(Brief descriptive captions)
■ ■ ■ ■
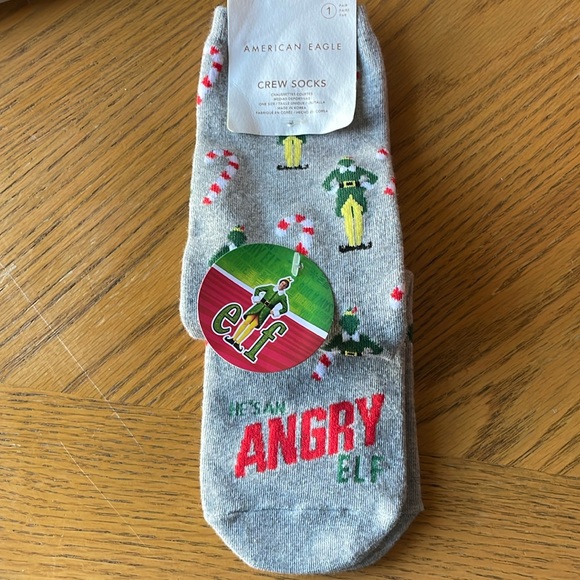 American Eagle Elf the Movie Crew Socks One Size NWT - Picture 1 of 3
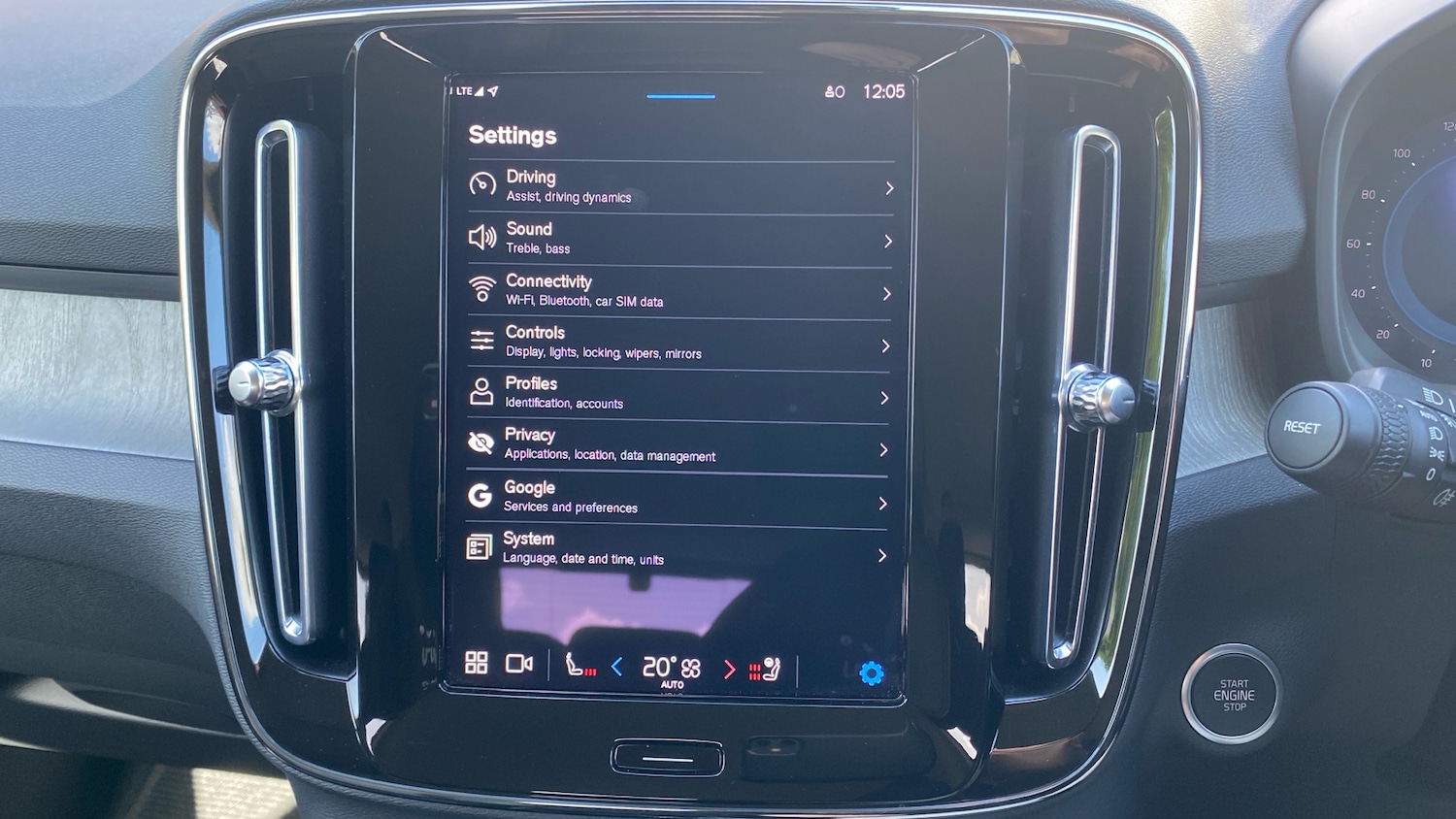 Used Volvo XC40 2023 for sale - 77901459: Photo 17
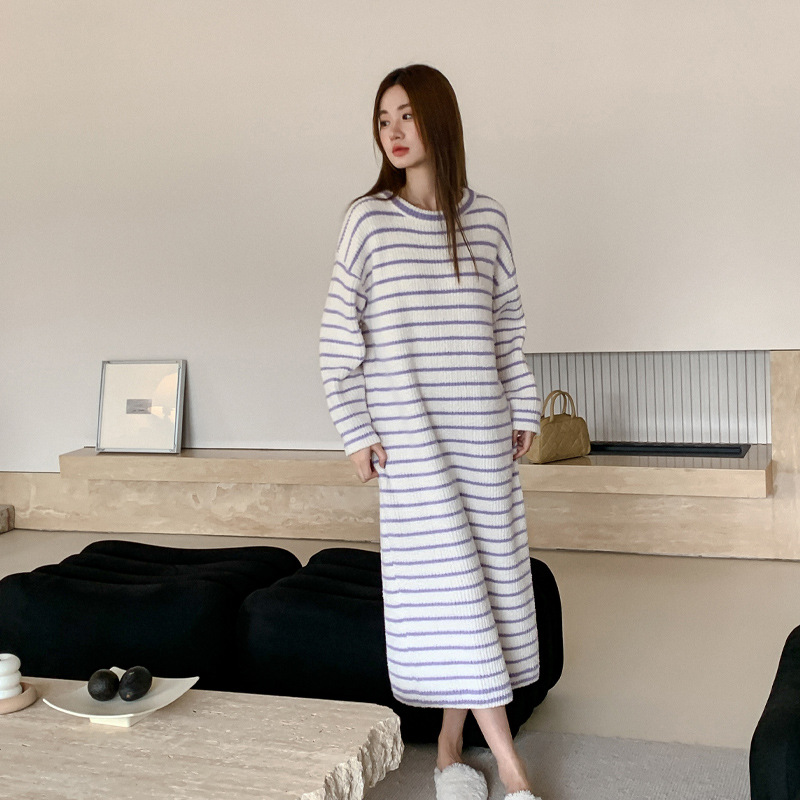 Internet Celebrity Couple Pajamas Women's Striped Soft And Thick Velvet Autumn And Winter Long-sleeved Round Neck Home Clothes Nightdress Can Be Worn Outside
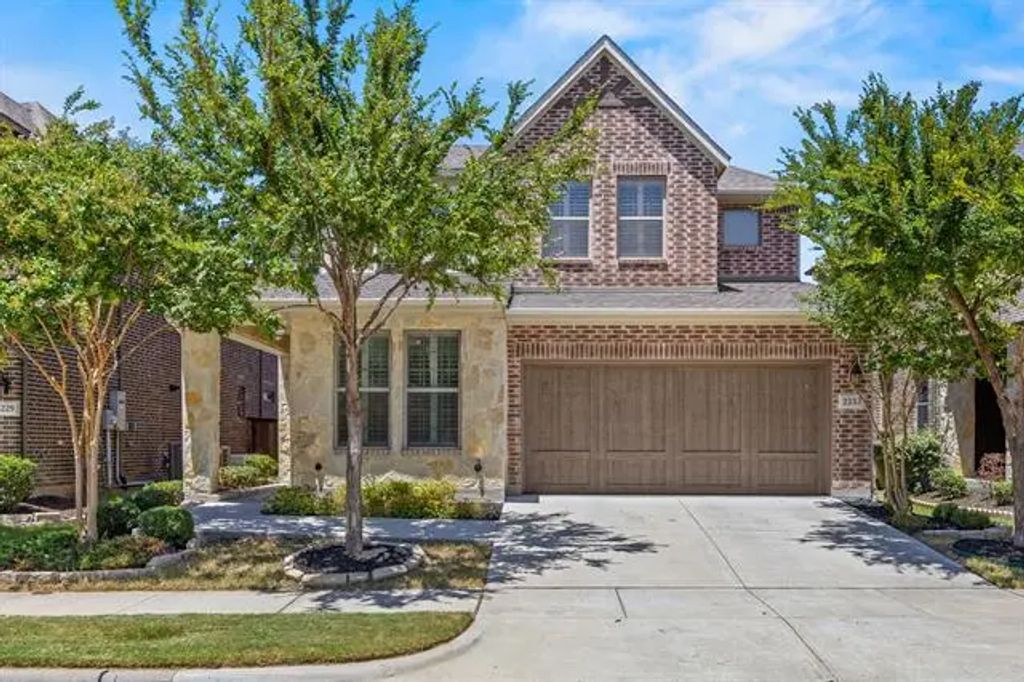 2233 Madison Street, Carrollton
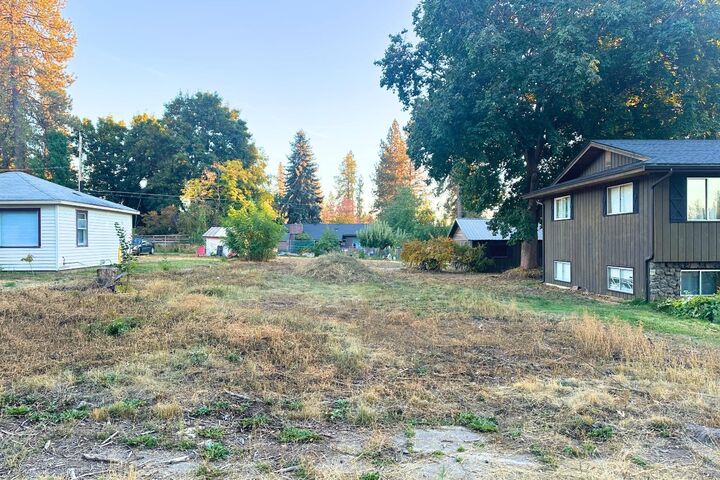 Property Photo: 614 E A St WA 99006
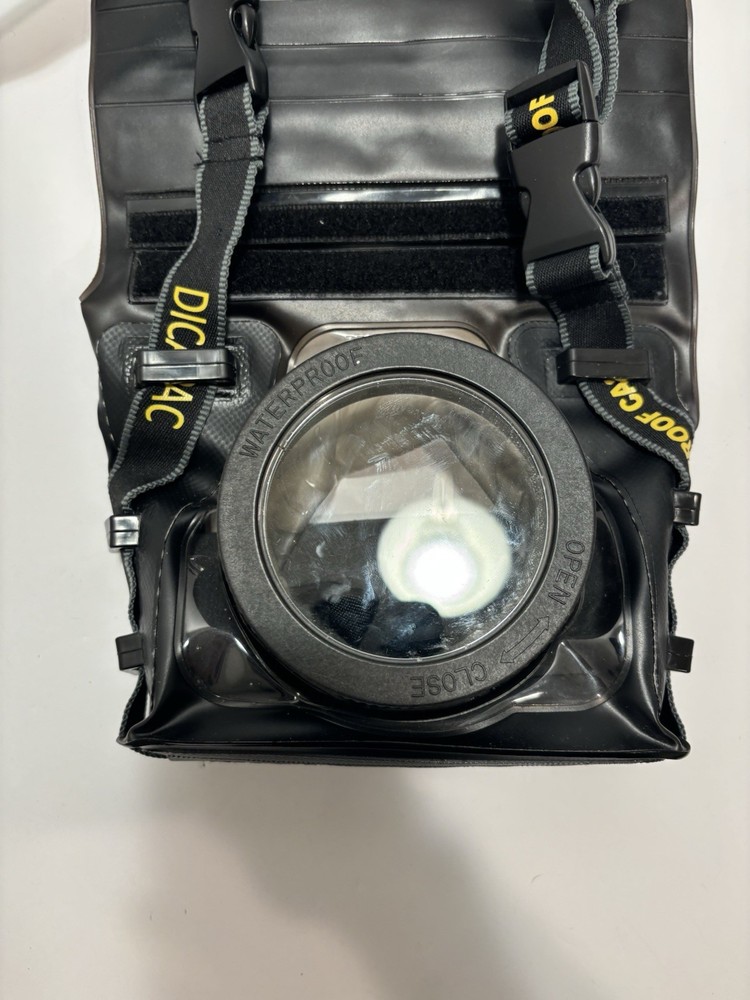 DiCAPac WP-S5 Waterproof Case for Digital SLR Cameras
■ ■ ■ ■
* **PROBLEM STATEMENT**
What is needed is an exact restatement of every line from the line containing "Used Volvo XC40" through the last line of the records, minus any pictures.

* **SOLUTION TO THIS EXERCISE**
 Used Volvo XC40 2023 for sale - 77901459: Photo 17
 Internet Celebrity Couple Pajamas Women's Striped Soft And Thick Velvet Autumn And Winter Long-sleeved Round Neck Home Clothes Nightdress Can Be Worn Outside
 2233 Madison Street, Carrollton
 Property Photo: 614 E A St WA 99006
 DiCAPac WP-S5 Waterproof Case for Digital SLR Cameras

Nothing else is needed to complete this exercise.